- _Data records_:
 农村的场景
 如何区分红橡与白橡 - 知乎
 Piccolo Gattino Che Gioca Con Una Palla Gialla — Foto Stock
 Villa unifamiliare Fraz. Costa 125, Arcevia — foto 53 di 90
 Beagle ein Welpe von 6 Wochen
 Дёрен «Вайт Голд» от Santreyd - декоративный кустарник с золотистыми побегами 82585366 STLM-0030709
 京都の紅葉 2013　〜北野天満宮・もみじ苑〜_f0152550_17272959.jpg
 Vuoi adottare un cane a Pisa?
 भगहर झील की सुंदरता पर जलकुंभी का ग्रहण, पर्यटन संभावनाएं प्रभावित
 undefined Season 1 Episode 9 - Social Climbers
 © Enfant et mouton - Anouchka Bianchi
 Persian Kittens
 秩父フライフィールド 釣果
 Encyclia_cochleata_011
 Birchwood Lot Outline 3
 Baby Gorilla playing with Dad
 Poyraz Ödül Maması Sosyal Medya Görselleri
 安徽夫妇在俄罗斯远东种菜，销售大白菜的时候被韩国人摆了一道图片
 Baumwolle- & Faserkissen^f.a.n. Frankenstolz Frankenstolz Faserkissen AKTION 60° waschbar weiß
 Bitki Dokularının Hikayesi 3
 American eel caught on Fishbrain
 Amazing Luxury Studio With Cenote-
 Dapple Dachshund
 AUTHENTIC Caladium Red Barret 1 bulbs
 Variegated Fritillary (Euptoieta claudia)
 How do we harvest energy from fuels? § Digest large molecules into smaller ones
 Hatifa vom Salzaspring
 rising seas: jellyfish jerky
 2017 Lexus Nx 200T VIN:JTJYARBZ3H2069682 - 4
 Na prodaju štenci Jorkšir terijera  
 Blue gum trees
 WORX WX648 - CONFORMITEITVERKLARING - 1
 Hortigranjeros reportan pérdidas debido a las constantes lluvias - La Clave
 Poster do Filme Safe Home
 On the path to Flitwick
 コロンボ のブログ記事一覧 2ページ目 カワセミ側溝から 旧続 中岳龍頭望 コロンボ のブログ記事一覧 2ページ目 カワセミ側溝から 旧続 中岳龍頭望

- _The task_:
The required output is the entries from their opening line through the line holding "- Anouchka Bianchi", repeated exactly, with both end lines kept.

- _Response to this task_:
 农村的场景
 如何区分红橡与白橡 - 知乎
 Piccolo Gattino Che Gioca Con Una Palla Gialla — Foto Stock
 Villa unifamiliare Fraz. Costa 125, Arcevia — foto 53 di 90
 Beagle ein Welpe von 6 Wochen
 Дёрен «Вайт Голд» от Santreyd - декоративный кустарник с золотистыми побегами 82585366 STLM-0030709
 京都の紅葉 2013　〜北野天満宮・もみじ苑〜_f0152550_17272959.jpg
 Vuoi adottare un cane a Pisa?
 भगहर झील की सुंदरता पर जलकुंभी का ग्रहण, पर्यटन संभावनाएं प्रभावित
 undefined Season 1 Episode 9 - Social Climbers
 © Enfant et mouton - Anouchka Bianchi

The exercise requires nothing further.